Being involved with the COPE Foundation, I recognise the importance of every individual in society. I hope the Minister will look favourably on this plea for help from St. Gabriel’s school and its community.

I thank the Cathaoirleach for allowing me to raise the matter and the Minister for being present.

I thank the Senator for raising this issue. My Department clearly accepts that the accommodation in St. Gabriel's special school is not fit for purpose. It has spatial limitations, particularly for children with challenging behaviour. The school caters for 43 pupils and it has a strong complement of teachers and SNAs. The pupil-teacher ratio is 1:1.9 and, therefore, the State provides significant support but there is a recognition that the facilities need to be addressed. I understand the school applied last year for improved accommodation and my officials have visited the school and assessed that need. They have also taken the opportunity to discuss with the NCSE the general need in the area and the school will have the potential to expand the scope of its services to meet the local need.
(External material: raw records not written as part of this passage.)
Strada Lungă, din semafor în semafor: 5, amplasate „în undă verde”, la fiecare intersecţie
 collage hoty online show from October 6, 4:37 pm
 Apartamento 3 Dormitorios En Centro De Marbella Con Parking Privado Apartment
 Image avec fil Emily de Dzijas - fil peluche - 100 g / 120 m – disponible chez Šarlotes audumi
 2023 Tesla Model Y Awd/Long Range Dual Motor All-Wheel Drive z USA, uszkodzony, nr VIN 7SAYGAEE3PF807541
The adjacent accommodation is owned by the Diocese of Cork and Ross. St. Gabriel's special school currently occupies two classrooms in this adjacent building by agreement with the diocese. My Department will send an official to visit the school authority tomorrow, 9 May, to progress the assessment of the proposed works, finalise the scope of works and work out how they can be moved forward and in what delivery mode they can be done. My Department recognises the seriousness of the case and will work with the school to seek a solution to its needs.

I thank the Minister for his positive reply. It is a unique school and it shares a site with the Brothers of Charity and the Diocese of Cork and Ross. The staff need has been met by the Department but changes are needed to the built environment and the learning environment. I hope that tomorrow's visit will be the beginning of a positive progression of the proposed development.

Sitting suspended at 3.15 p.m. and resumed at 3.30 p.m.